_Task_
For the records below, please print exactly and only the lines from the one with "Holiday home Holiday" down to the one with "New 2026 Jeep Compass Limited image 30", both ends included, omitting the pictures.

_Data in this exercise_
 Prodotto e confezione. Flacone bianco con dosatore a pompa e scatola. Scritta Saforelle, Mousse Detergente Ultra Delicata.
==
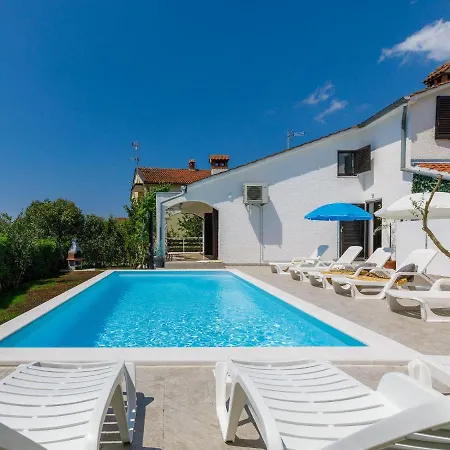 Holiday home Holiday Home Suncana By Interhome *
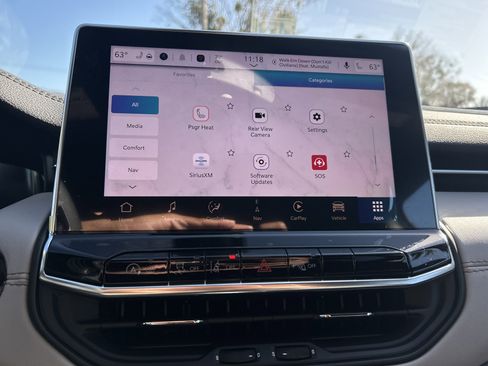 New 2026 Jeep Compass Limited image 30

_Result for this exercise_
 Holiday home Holiday Home Suncana By Interhome *
 New 2026 Jeep Compass Limited image 30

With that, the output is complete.